Compile Time Perf Save

Measures high-level timing and memory usage metrics during compilation

Project README

compile-time-perf

I work with a lot of larger projects and do a lot of template meta-programming so while I absolutely love the flamegraphs from the -ftime-trace compiler flag, I've had a hard time detecting when changes affect the total compilation time and which files saw the most dramatic increase/decrease in compile time.

Thus, I created compile-time-perf (CTP), which is designed to be a high-level "profiler" for compiling large projects. It is designed to be simple to install, compiler and language agnostic, and included as part of CI. It is not intended to replace compiler flags like -ftime-trace but supplement them. The main problem with -ftime-trace is that it provides no high-level data w.r.t. which files to focus on, so in large projects, it can be difficult to locate which file should be focused on first. Another problem is that it only provides timing data -- if the system has limited memory resources but has 4+ cores, your compile times can shoot up drastically if each core is compiling something requiring 2+ GB of memory because you'll start using swap.
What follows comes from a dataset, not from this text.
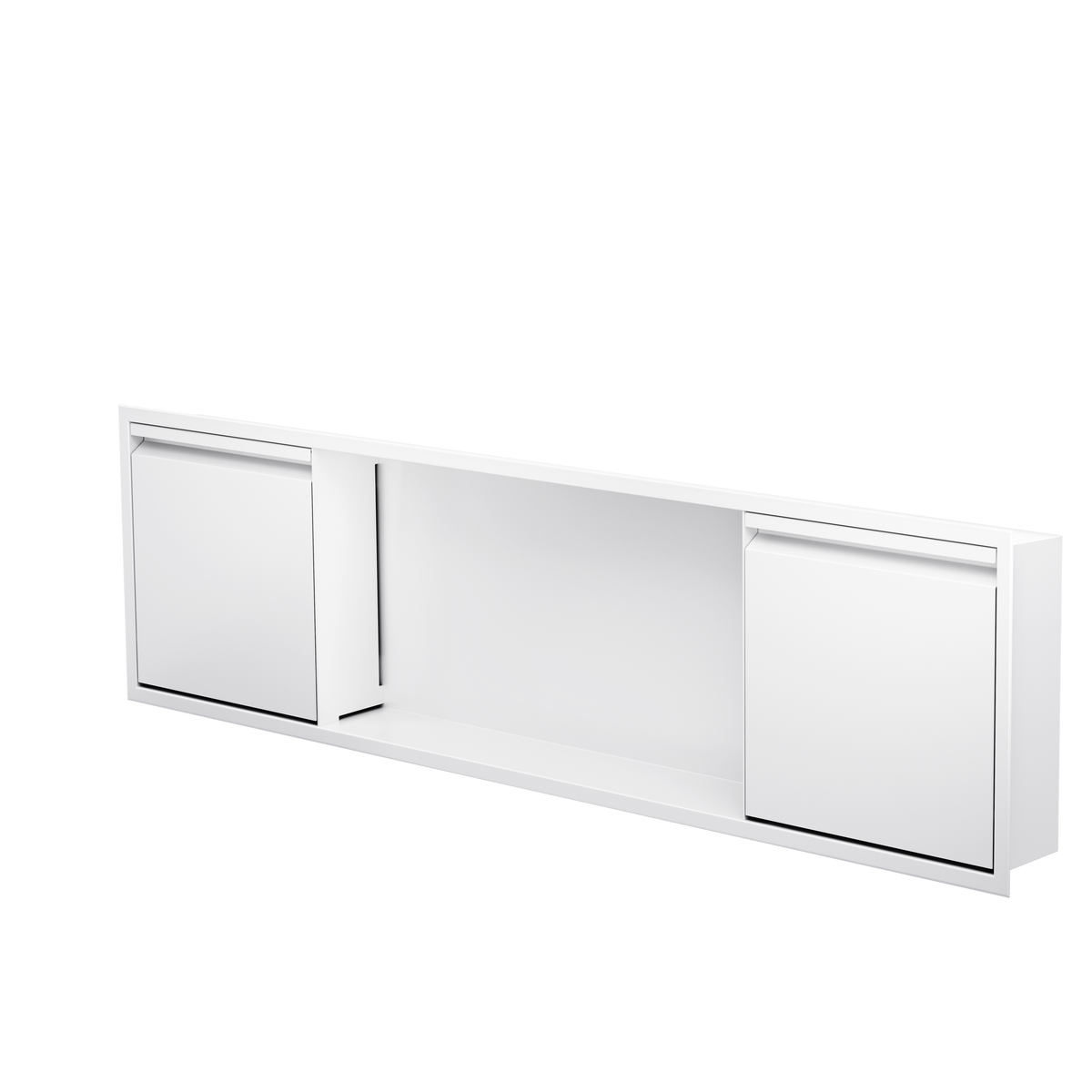 Door niche, 12 × 48 in, matte white, door closed, three-quarter view on a transparent background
Down the road, I could see the "analyzer" script actually including support for detecting -ftime-trace in the compile command logs, searching the folder structure for the JSON, and then using/providing something like ClangBuildAnalyzer to provide more in-depth details. But I think the useful enough by itself right now.
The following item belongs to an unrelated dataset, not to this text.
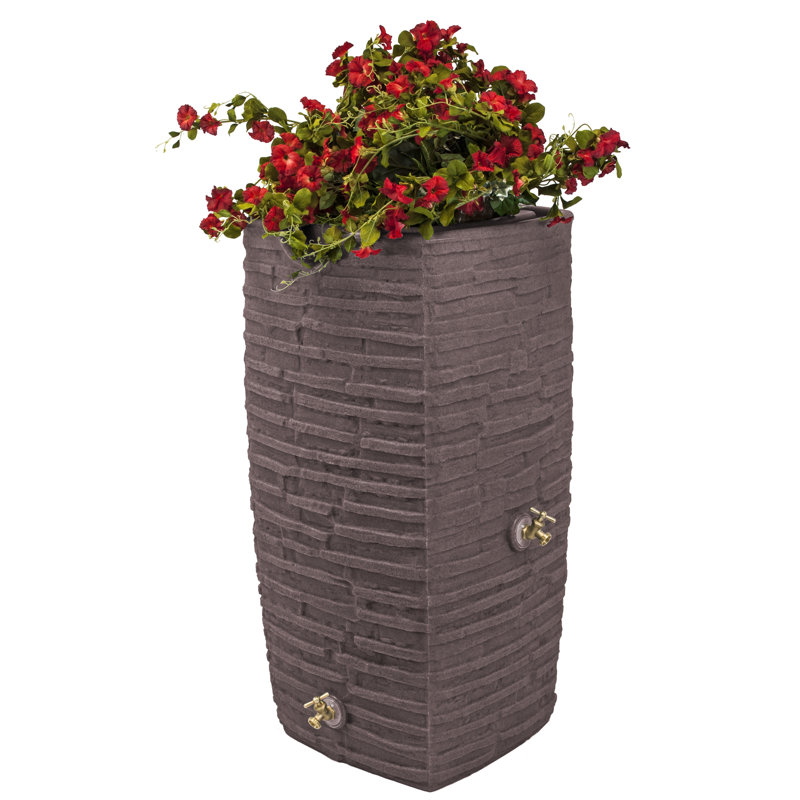 Good Ideas Impressions Riverwalk 50 gallons avec bonnets rouges, Brique rouge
CTP essentially uses a UNIX time-like command-line tool to launch the compile commands, called timem (docs), which I built using the timemory toolkit -- a modular C++ template library for build profiling tools which, recursively, is one of the two primary places where I need this functionality (other is Kokkos).
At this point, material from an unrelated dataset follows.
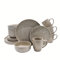 HOMD 16-Pieces Stoneware Dinnerware Set, Dinner Set, Kitchen Dinnerware Ceramic Crockery Set, Dinner Service Set for 4, Include Dinner Plate, Dessert Plate, Cereal Bowl and Mug (Oatmeal)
Timem doesn't do anything particularly fancy: it just forks and does a mix of deterministic phase measurements and (on Linux) some statistical sampling of a few /proc/<pid> files while the command executes. Then that data along with the command executed are put into a JSON file whose name is generated from an md5sum of command executed (for uniqueness and reproducibility). Then the Python "analyzer" script just globs the files and directories it is passed and combines that data, does some sorting and filtering to make the commands more easily readable and thats it.

Building CTP

Standard cmake build system without any project-specific options. CTP uses the timem executable from the timemory toolkit to do the measurements on the compile commands. Timemory is included as a git submodule and cmake will automatically run git submodule update --init if you don't.

# clone
git clone https://github.com/jrmadsen/compile-time-perf.git
# configure (it's not hanging, timemory can take a while here)
cmake -B compile-time-perf-build -D CMAKE_INSTALL_PREFIX=/usr/local compile-time-perf
# build
cmake --build compile-time-perf-build --target all
# install
cmake --build compile-time-perf-build --target install

When configuring your project, just set append the CMAKE_INSTALL_PREFIX value to the CMAKE_PREFIX_PATH environment variable.

Minimum requirements:

  • CMake (minimum: v3.13)
  • C++ compiler supporting C++14
  • Python interpreter

CTP is not supported on Windows currently. It can be made available easily if someone with more access to a Windows machine than me wants to write the _spawn implementation for the timem executable. It won't be hard to get a working prototype:

  • the timem source code is only about 1,200 lines of code
  • timemory already has Windows support for the timers, peak RSS, and page RSS on Windows -- the most relevant values
  • it is 100% trivial to locally disable any non-working measurement type for windows builds
    • it's literally 1 LOC: TIMEMORY_DEFINE_CONCRETE_TRAIT(is_available, <component>, false_type) and it will disappear from every template instantiation

So if you would like to use this on Windows and have an afternoon to spare, feel free to file an issue in timemory and I can help you get started.

Quick Start

compile-time-perf (CTP) is designed primarily for CMake but if you want to use it manually, see the Manual Usage section.

Setup

Add this to your main CMakeLists.txt somewhere after project(...). I'd recommend replacing foo below with ${PROJECT_NAME}.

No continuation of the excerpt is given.